Why stop at graphs? *Hypergraphs*!

**Hypergraph regularity and random sampling,** by Felix Joos, Jaehoon Kim, Daniela Kühn, Deryk Osthus (arXiv). The main result in this paper is a hypergraph analogue of a result of Alon, Fischer, Newman and Shapira (for graphs), which roughly states that if a hypergraph satisfies some regularity condition, then so does with high probability a randomly sampled sub-hypergraph — and conversely. This in turn has direct implications to characterizing which hypergraph properties are testable: see the companion paper, *b*y the same authors.

(Note: this paper is a blast from the past, as the result it shows was originally established in the linked companion paper, from 2017; however, the authors split this paper in two this October, leading to this new, standalone paper.)

And, to conclude, Arthur, Merlin, and proofs:

**Sample-Based Proofs of Proximity,** by Guy Goldberg, Guy Rothblum (ECCC).
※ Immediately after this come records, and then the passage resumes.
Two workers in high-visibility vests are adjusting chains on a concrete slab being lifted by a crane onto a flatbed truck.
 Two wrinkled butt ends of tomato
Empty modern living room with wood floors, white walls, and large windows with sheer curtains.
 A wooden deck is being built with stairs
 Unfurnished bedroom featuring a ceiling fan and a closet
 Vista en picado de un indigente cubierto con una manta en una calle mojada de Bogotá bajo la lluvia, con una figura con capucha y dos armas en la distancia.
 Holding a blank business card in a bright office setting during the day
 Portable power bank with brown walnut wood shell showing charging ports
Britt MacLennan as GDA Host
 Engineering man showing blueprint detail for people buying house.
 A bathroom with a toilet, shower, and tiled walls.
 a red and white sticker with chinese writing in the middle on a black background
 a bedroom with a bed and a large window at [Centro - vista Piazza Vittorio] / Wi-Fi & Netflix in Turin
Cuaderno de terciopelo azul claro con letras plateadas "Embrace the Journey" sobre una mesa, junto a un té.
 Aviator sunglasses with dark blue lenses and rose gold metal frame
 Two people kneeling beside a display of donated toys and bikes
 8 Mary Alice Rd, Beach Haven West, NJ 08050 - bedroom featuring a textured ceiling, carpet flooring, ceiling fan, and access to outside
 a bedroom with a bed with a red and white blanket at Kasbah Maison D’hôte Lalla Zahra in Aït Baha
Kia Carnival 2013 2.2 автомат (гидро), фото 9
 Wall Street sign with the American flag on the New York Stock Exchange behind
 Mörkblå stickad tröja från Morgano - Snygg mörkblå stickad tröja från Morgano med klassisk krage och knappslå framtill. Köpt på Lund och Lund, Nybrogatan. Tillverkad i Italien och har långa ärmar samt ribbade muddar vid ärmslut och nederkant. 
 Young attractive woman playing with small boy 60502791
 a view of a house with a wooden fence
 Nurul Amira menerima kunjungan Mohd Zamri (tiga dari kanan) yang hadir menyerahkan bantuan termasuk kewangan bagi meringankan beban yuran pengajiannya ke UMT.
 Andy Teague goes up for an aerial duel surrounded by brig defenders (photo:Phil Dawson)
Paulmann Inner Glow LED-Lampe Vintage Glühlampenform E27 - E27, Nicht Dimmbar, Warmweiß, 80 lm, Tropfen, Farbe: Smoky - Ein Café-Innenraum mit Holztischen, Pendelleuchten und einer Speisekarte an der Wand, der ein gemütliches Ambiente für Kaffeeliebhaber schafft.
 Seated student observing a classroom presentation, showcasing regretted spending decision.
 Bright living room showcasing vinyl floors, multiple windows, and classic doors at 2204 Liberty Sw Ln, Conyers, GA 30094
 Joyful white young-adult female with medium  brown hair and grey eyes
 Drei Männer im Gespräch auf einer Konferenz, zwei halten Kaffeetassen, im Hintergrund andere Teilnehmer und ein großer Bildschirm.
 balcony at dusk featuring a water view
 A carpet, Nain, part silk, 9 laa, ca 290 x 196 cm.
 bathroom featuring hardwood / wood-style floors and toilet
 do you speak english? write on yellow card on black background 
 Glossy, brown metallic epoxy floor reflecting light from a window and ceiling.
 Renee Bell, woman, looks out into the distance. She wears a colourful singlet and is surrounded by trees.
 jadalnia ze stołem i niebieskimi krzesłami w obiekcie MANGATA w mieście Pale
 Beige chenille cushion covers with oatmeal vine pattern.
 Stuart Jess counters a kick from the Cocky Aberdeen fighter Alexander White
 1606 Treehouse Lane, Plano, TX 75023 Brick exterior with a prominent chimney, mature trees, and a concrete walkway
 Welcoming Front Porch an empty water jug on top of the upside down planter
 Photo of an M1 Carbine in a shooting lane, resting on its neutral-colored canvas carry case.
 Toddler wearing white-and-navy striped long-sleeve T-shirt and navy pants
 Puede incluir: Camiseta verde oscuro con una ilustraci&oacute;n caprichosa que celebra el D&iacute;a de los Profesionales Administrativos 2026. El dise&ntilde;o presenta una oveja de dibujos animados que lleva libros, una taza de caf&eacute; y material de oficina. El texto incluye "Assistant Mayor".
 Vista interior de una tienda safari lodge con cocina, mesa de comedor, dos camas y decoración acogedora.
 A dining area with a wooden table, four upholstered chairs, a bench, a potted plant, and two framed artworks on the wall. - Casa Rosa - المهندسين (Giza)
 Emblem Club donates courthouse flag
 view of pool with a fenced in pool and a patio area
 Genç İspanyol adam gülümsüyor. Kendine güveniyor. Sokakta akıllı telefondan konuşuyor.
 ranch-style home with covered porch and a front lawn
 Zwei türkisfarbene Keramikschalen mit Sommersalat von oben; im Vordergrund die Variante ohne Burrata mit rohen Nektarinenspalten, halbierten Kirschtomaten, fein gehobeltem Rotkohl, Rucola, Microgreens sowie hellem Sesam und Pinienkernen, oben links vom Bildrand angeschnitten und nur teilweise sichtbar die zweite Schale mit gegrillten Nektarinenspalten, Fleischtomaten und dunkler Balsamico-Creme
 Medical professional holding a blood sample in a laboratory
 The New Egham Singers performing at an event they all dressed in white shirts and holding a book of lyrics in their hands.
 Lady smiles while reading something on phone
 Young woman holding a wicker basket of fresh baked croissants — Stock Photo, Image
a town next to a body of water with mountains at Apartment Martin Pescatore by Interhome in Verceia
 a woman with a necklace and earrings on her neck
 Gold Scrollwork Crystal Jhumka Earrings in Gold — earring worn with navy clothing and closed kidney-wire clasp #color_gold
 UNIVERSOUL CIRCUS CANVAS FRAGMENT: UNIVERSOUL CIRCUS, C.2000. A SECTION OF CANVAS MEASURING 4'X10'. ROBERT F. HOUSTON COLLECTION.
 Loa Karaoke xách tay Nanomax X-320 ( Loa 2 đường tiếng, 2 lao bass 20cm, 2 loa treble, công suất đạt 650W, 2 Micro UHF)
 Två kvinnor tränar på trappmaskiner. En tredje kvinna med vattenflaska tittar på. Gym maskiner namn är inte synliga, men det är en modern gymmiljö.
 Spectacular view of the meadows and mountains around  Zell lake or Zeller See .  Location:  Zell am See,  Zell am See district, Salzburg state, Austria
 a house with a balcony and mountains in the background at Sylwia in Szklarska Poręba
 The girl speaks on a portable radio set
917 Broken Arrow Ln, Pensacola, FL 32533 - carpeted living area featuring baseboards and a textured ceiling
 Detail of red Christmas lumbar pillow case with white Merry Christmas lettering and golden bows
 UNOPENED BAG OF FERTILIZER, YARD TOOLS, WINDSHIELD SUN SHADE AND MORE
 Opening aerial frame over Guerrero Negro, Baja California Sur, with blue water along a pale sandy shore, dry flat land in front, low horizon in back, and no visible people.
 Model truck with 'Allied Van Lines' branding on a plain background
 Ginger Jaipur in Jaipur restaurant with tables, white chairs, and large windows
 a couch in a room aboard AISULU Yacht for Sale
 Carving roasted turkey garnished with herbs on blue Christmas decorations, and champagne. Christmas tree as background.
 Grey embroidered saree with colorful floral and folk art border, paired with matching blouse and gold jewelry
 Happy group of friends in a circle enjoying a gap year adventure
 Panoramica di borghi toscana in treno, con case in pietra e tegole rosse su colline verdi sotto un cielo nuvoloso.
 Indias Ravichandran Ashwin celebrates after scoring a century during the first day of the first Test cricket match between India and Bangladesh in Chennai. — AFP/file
Finally, consider the setting of interactive proofs of proximities (IPPs), where the prover is as usual computationally unbounded, but the verifier must run in sublinear time (à la property testing). This has received significant interest in the past years: but what if the verifier didn’t even get to make queries, but only got access to *uniformly random location*s of the input? These “SIPP” (Sample-based IPPs), and their non-interactive counterpart SAMPs (Sample-based Merlin-Arthur Proofs of Proximity) are the object of study of this paper, which it introduces and motivates in the context, for instance, of delegation of computation for sample-based algorithms.